Thermocycling conditions included one 10-min cycle at 95°C, fifty 30-sec cycles at 94°C, and one 60-sec cycle at 53°C. No amplification was detected in positive control samples of E. hellem, E. intestinalis, and Enterocytozoon bieneusi.
Results
Histopathological analysis
Of the 81 rabbits, characteristic histopathological lesions (granulomatous encephalitis in combination with an interstitial nephritis4,10,21) were found in 33 of the rabbits. Thirty-two rabbits did not have lesions suggestive of E. cuniculi infection. Infection was considered possible in 5 rabbits with chronic lymphoplasmacytic interstitial nephritis and multifocal lymphoplasmacytic meningoencephalitis, 10 rabbits with chronic lymphoplasmacytic interstitial nephritis only, and 1 rabbit with focal microglial activation and nerve cell necrosis. Eleven of the 16 rabbits with possible E. cuniculi–associated pathology and 14 rabbits without characteristic histopathological lesions underwent further etiological tests using real-time PCR. A detailed description of the 38 rabbits with confirmed E. cuniculi infections, according to the above-mentioned definition for confirmative diagnosis, is provided in the following sections.
Lesions in the kidneys
In 2 of the examined rabbits, spores were observed in the kidneys. Spores were localized within parasitophorous vacuoles in tubular epithelial cells, most frequently in the medulla (Fig. 1). Parasitophorous vacuoles were found in all segments of the nephron. The most commonly affected segment of the nephron was the inner medullary collecting duct. Lesions were subclassified according to stage into acute, chronic, or both. Acute lesions were characterized by focal tubular necrosis with inflammatory infiltrates consisting of heterophils, macrophages, lymphocytes, and plasma cells (Fig. 2). Such lesions were detectable in 19 of the 38 (50%) rabbits with an E. cuniculi infection. In addition, dilated tubules, often filled with detritus, and regeneration of the tubular epithelial cells were observed. Acute lesions were most frequently found of mild severity in the medulla in the form of round foci.

Kidney; rabbit no. 80. Spores within parasitophorous vacuoles in the tubular epithelium. Hematoxylin and eosin. Bar = 25 μm.

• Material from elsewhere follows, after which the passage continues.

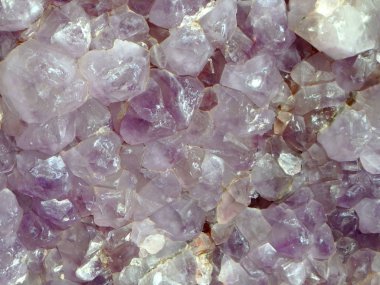 Amethist kuvars kristalleri doğal bir özetini.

Kidney; rabbit no. 80. Acute inflammation with necrosis. Hematoxylin and eosin. Bar = 50 μm.
Chronic lesions in the kidneys, characterized by interstitial mononuclear cell infiltration, were found in 34 of the 38 (89%) rabbits with an E. cuniculi infection and occurred primarily in the cortex (Fig. 3). The chronic renal lesions were accompanied by interstitial fibrosis, which varied from small subcapsular foci to large areas reaching into the medulla, in 32 of the 34 (94%) rabbits (Fig. 4). In addition to these focal changes, diffuse interstitial fibrosis in the cortex–medulla junction was observed in areas adjacent to chronic inflammation (Fig. 5). End-stage kidneys were identified in 3 out of the 38 (8%) rabbits with an E. cuniculi infection. In kidneys with predominantly chronic lesions, no spores were detectable.

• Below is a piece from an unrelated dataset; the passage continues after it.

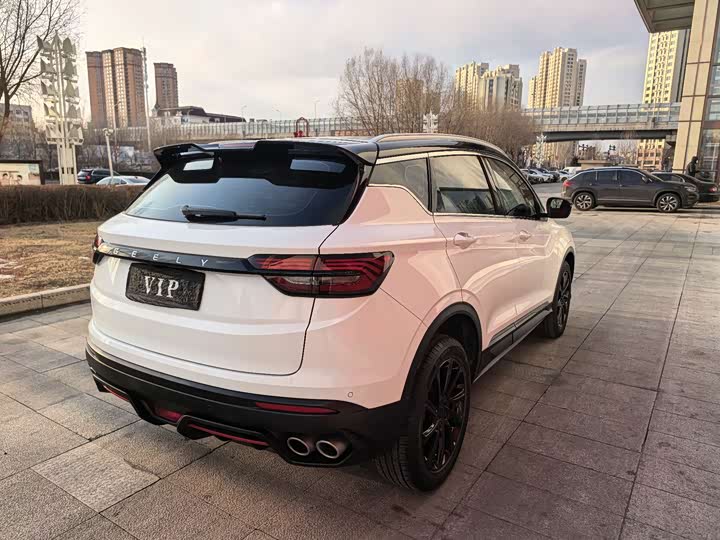 Фото 7 - Geely Coolray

Kidney; rabbit no. 62. Chronic interstitial lymphoplasmacytic nephritis. Hematoxylin and eosin. Bar = 50 μm.

Kidney; rabbit no. 9. Cuneiform fibrosis in the renal cortex. Masson trichrome stain. Bar = 200 μm.

Kidney; rabbit no. 62. Severe interstitial diffuse fibrosis with tubule atrophy and inflammatory infiltration. Hematoxylin and eosin. Bar = 50 μm.
Lesions in the brain
In 6 of the 38 (16%) infected rabbits, spores were detected in the brain. Spores were located in parasitophorous vacuoles in the parenchyma of the brain, either without inflammation (Fig. 6, left panel) or close to focal inflammatory lesions. Host cells infected by the microorganism were not identified in neuropil, but occasionally parasitophorous vacuoles were observed in the endothelial cells of cerebral and meningeal microvasculature (Fig. 6, right panel). In 1 case, a ruptured parasitophorous vacuole was associated with early inflammatory infiltrates (Fig. 7). In another case, free spores were present in the necrotic center of a granuloma.

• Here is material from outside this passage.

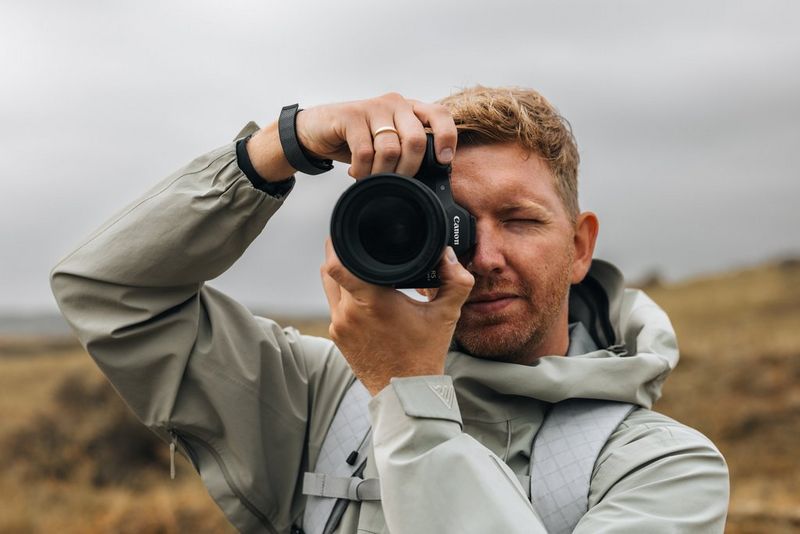 Travel photographer Cuno de Bruin holds a Canon EOS R5 Mark II to his eye.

Brain; rabbit no. 6. Spores within parasitophorous vacuoles in the neuropil (left) and in the endothelium of the leptomeninx (right). Hematoxylin and eosin. Bar = 25 μm.

Brain; rabbit no. 46. Ruptured parasitophorous vacuole with free spores in the neuropil (arrow) and beginning inflammatory reaction. Hematoxylin and eosin. Bar = 10 μm.
Focal brain lesions were identified in 33 of the 38 (87%) rabbits with confirmed infection. These lesions were categorized into 6 histopathological subtypes (I–VI).
Type I lesions consisted of small, poorly circumscribed aggregates of lymphocytes, frequently intermingling with heterophils, and early astrogliosis. In type II lesions, lymphocytic and heterophilic infiltration and the astrocytic reaction became more advanced and were accompanied by invading plasma cells (Fig. 8). In type III lesions, the inflammatory gliotic foci exhibited necrotic centers (Fig. 9). In type IV lesions, significant involvement of macrophages and protoplasmic, gemistocytic astrocytes was noted, while lymphocytic infiltration was attenuated. These lesions frequently presented with epithelioid histiocytes and occasional multinucleated giant cells (Fig. 10), and their centers quite often appeared necrotic, with or without dystrophic mineralization. Type V lesions were characterized by significant fibrillary astrogliosis (prominent astrocyte processes) and astrocytosis (an increased number of astrocytes), demarcating the granulomatous foci from the surrounding brain tissue. Active inflammation of epithelioid cells and scattered lymphocytes and plasma cells were still evident (Fig. 11). Lesions of type VI were restricted to a glial scar, partly with a central hypocellular area containing very rare postresorptive macrophages (Fig. 12).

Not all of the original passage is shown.